On the same possession where he benefited from his late slide that caused two Texans players to crash into each other, drawing a widely panned unnecessary roughness flag, Chiefs quarterback Patrick Mahomes appeared to try to deke referee Clay Martin's officiating crew into throwing another flag to aid Kansas City's drive, which ended with a touchdown that put the Chiefs up by eight in the fourth quarter.
Scrambling to his left, Mahomes pulled up just as he went out of bounds. When linebacker Henry To'oTo'o tapped him, Mahomes threw himself dramatically to the ground but failed to fool the officials — or impress Aikman, the Hall of Fame quarterback who earlier took umbrage at the roughing-the-passer call against Houston.
“He’s trying to draw the penalty. Rather than just run out of bounds, he slows down," Aikman protested. "And that’s been the frustration, and I get it. I understand it. That’s been the frustration for these defensive players around the league.”
Earlier in the drive, Aikman said he “could not disagree" more with the roughing penalty called on To'oTo'o and defensive tackle Folorunso Fatukasi, who smashed into each other and made incidental contact with Mahomes, who was underneath them after his late slide.
When Martin announced the penalty, Aikman interjected, “Oh, come on!”
“He’s a runner. I could not disagree with that one more, and he barely gets hit,” Aikman said, noting that Mahomes shouldn't have been afforded the extra protections provided quarterbacks in the pocket once he started running on the play. “That’s the second (questionable) penalty now that’s been called against the Texans. … It was a late flag, and it was Clay Martin who threw it.”
“They’ve gotta address it in the offseason,” Aikman added.
ESPN's rules analyst Russell Yurk concurred that no flag should have been thrown on the play.
After the game, Texans coach DeMeco Ryans suggested that his team expected the Chiefs to benefit from the officiating: “We knew going into today it was us versus everybody. And when I say everybody, it's everybody.”
Yurk also disagreed with a roughing-the-passer flag on Texans pass rusher Will Anderson Jr. in the first quarter that erased a three-and-out by Kansas City, which went on to score a field goal on that drive: “It looked like that first contact was to the upper chest area. I didn’t see anything there that supported a foul,” Yurk said.
Martin, the referee, told a pool reporter after the game that on the Anderson penalty, “I had forcible contact the face mask area,” and on the To'oTo'o infraction, when the quarterback slides, “he is considered defenseless. The onus is on the defender.
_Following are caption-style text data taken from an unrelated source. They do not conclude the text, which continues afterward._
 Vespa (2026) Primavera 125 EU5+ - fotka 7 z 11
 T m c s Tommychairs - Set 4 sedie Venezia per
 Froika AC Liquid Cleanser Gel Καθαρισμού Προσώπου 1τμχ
I had forcible contact there to the hairline, to the helmet.”
Walt Anderson, the longtime NFL senior vice president of officiating who moved into a new role as the league's rules analyst and club communications liaison last year, said Sunday that both calls were correct under the current rules.
Anderson said in an appearance Sunday on the NFL Network that it might be up for debate about whether there was forcible contact on the roughing-the-passer flag in the first quarter, but he emphasized that the league's rulebook calls for officials to throw the flag if there's any doubt whether roughing has occurred.
As for the second foul, where Mahomes slid late, Anderson said the two Texans defenders who crashed into each other made incidental contact with Mahomes once he was on the ground, so replay assist couldn't be used in that circumstance to pick up the flag.
Anderson noted that the league's competition committee could revisit either infraction and tweak the rules this offseason.
Aikman, for one, would like to see the league crack down on flopping, as well.